Visaitech Mixed-Traffic Vehicle Detection Dataset (v0.1)

Dashcam frames annotated for pedestrian / 2-wheeler / 3-wheeler / 4-wheeler detection in South Asian mixed traffic, a class taxonomy general-purpose COCO-trained detectors don't cover (COCO has no concept of an auto-rickshaw or motorcycle-vs-bicycle-as-one-class "2-wheeler" grouping tuned for how this traffic actually mixes on the road).

This is an early v0.1 release: 293 annotated frames from 6 source videos, published now so the data and annotation format are public and versioned. The full anonymized raw clip archive (203 clips, ~12GB, unannotated) ships alongside it in videos/, with annotations for it to follow in future releases (see Limitations below).

Sample frames

One mid-clip frame from six of the raw clips in videos/, exactly as published: faces and license plates pixelated, timestamp band blacked out (see Privacy and anonymization below).

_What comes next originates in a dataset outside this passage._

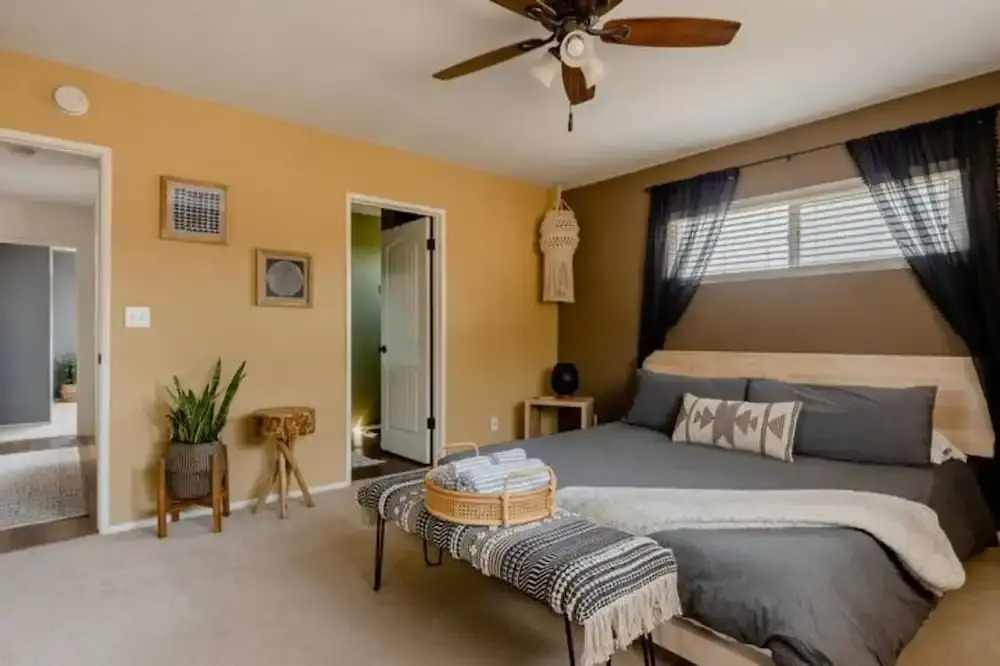 Darling Desert Abode W/hot-tub + Game Room 3 Bedroom Home by RedAwning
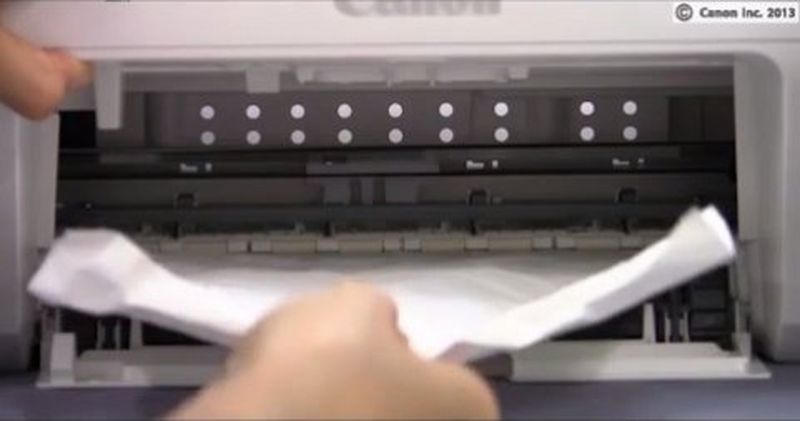 Зажевало бумагу принтер canon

Motorcycles sharing the lane with cars, riders pixelated Close-up of stopped nose-to-tail congestion
Motorcycles sharing the lane with cars (clip_040) Stopped congestion at close range (clip_015)
Cargo rickshaws lining a bright street Multi-lane urban arterial with mixed vehicles
Cargo rickshaws lining a bright street (clip_120) Multi-lane arterial, mixed vehicles (clip_140)
Dense bazaar street with 2- and 3-wheelers Squeezing past a truck in dense mixed traffic
Dense bazaar street, 2- and 3-wheelers (clip_160) Squeezing past a truck at close range (clip_129)

Classes

id class description
0 pedestrian Person on foot
1 2-wheeler Motorcycle / scooter / bicycle
2 3-wheeler Auto-rickshaw / three-wheeled vehicle
3 4-wheeler Car / van / bus / truck

Occlusion is not a separate class. Partially-visible boxes (tagged ... half by the original annotators) are folded into their base class, with the flag preserved per-box in attributes.csv (occluded column) for anyone who wants to filter or weight by visibility.

Dataset structure

images/{train,val}/*.jpg   # source video id prefixed, e.g. V003__frame.jpg
labels/{train,val}/*.txt   # YOLO format: class x_center y_center width height (normalized)
data.yaml                  # Ultralytics-ready config
classes.txt                # class id -> name, one per line
attributes.csv             # image, class, occluded (per-box)
videos/clip_001.mp4 ...    # 203 anonymized raw dashcam clips (~12GB, unannotated),
                           # flat sequential naming, ~2 minutes each
samples/clip_XXX.jpg       # preview frames from six of the clips (see Sample frames)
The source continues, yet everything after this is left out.